Letting out a low chuckle, I turn around and walk into the bathroom to start her bath. I need a distraction before I show her more than my tattoos.

When she walks into the bathroom a few seconds later, I watch as she bites her lip and hides her face with her hair, obviously embarrassed or feeling uneasy, so I grab her arm and make her face me.

“Hey, don’t do that,” I tell her, pulling her lip from her teeth with my thumb. “I like that you were looking at me, and it’s okay if you don’t like my tattoos. They’re not for everyone.”

“No, I like them very much.” She blushes again, and I’m quickly reminded my arousal will be very obvious through this towel if I don’t get out of this bathroom right the fuck now.

I release her arm and walk to the door, putting some distance between us. “Thank you,” I tell her when I’m far enough away to keep from pulling her to me and never letting go. “Enjoy your bath.” I smile teasingly and waggle my eyebrows at her before closing the bathroom door behind me.

After we’re both cleaned up and dressed, we decide to take it easy for the night and hang out in the hotel bar for dinner. It ends up being a great decision because there’s a live band playing, and they’re actually really good.

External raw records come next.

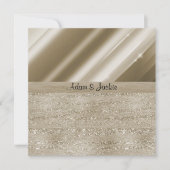 INVITATION ÉLÉGANT ET MODERNE MARIAGE SPLIT BRONZE PARTIES SC (Devant)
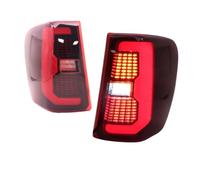Feu Arrière Pour Jeep Pour Grand Pour Cherokee MK2 WJ 1999-2001 2002 2003 2004 Feu Arrière Frein Brouillard Clignotant Feux Arrière À LED Paire Feux Arrière(Pair Red)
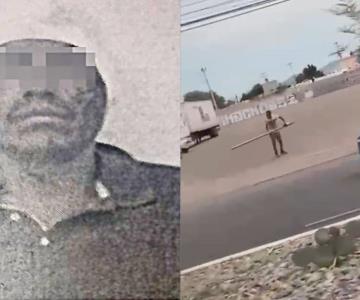 Detienen a sujeto que atacó a patrulla y policías en calles de Hermosillo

“I’m still leery of liquor, so I think I’ll stick with beer tonight.”

“A beer sounds perfect right about now. Good call, Chuck.”

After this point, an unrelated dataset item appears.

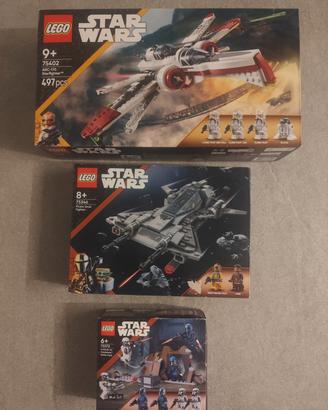 Lotto 3 Set LEGO Star Wars - 75402, 75373 e 75346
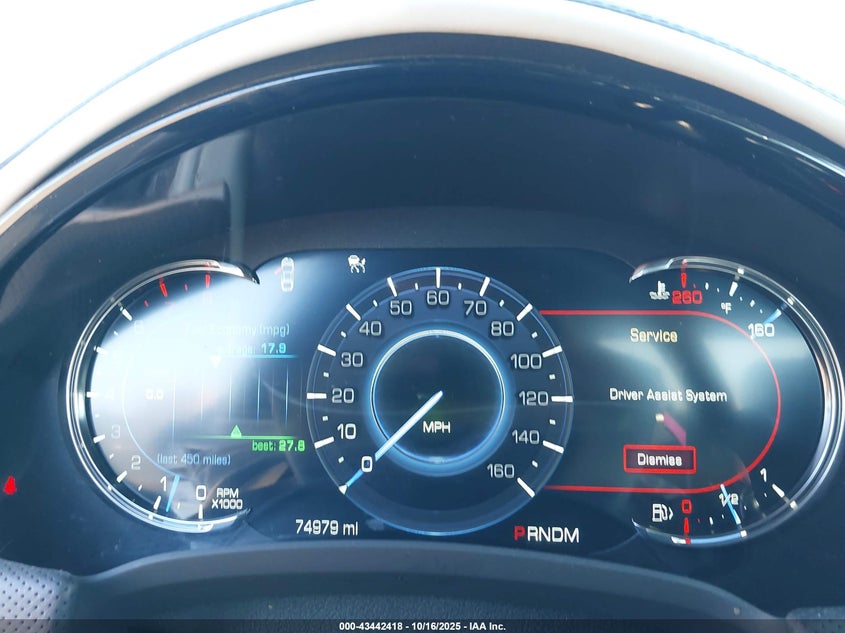 2016 CADILLAC XTS PLATINUM 2G61S5S34G9124746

I laugh as she rolls her eyes at my nickname for her. I can’t help it. I’ve always given people nicknames. Maybe it’s a southern thing, I don’t know. I’m just glad she doesn’t scowl anymore when I say it.

“How are you feelin’ after the day you had?” I ask.

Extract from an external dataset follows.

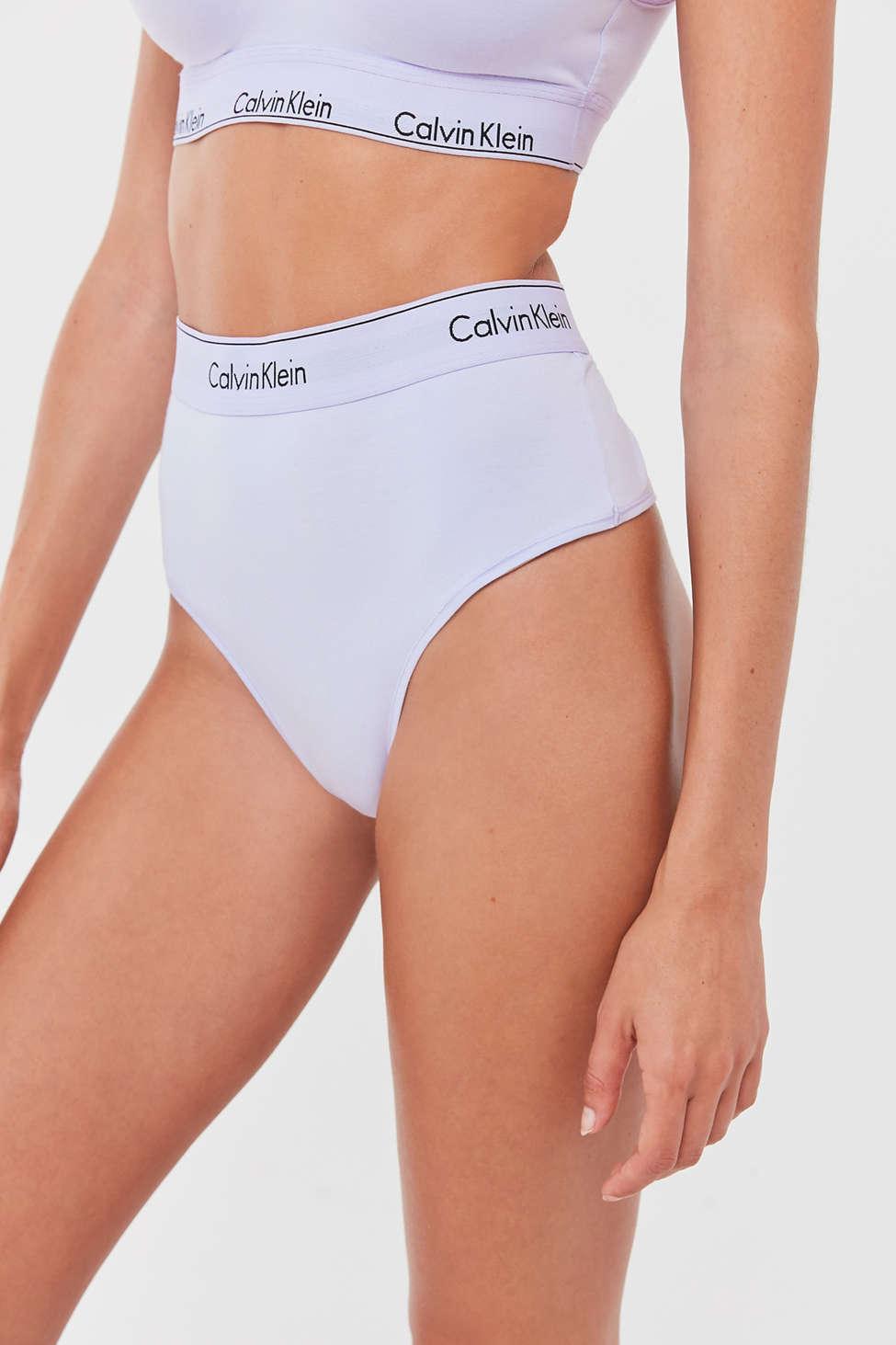 Calvin Klein Calvin Klein Modern Cotton High-waisted Thong | Lyst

She’s quiet, which makes me worry I’ve upset her. When she looks up at me and smiles, I’m able to breathe again.

“I’m good. I’m really good, actually.”

I take her hand in mine and squeeze it. “I’m glad. You’re such a strong woman, Dani. I hope you know that.” I pause to keep myself from saying too much. “I think you’re amazing.”

She shakes her head like she doesn’t believe me, but it’s true and I feel better just getting it off my chest. She’s incredible.

After we finish our meal and listen to the band for a while, I notice Dani trying to hide a couple yawns. I’m kinda tired myself. It’s been a long day. So, I scoot my chair back and lean down until my mouth is at her ear. “Come on, sleepy head,” I say loud enough she can hear me over the music. “Let’s go to the room.”

I reach for her hand and toss some cash on the table. She doesn’t hesitate to take it, and I can’t help but love how good it feels simply holding Dani’s hand . . . just touching her.

It feels so good, in fact, I wrap my arm around her and pull her close to me in the elevator. Her arms fit perfectly around my waist, and she rests her head on my chest. I swear I hear her sniff my shirt, but I keep quiet.

Once we’re in the room, we quietly get ready for bed. I’m dying to know what she’s thinking—what she wants—but I’m following her lead tonight.

I’m already in bed with only my sleep pants on when she slips under the covers facing me. We simply lie there, staring at each other until she whispers, “Can I touch it?”

My mind goes straight to the gutter and by the look of horror on her face, hers does too, but she quickly corrects herself. “I meant your tattoo. Can I touch your tattoo?”

Not able to hold it in any longer, I throw my head back and laugh. We both do. We laugh so hard, we’re crying. This moment is absolutely perfect.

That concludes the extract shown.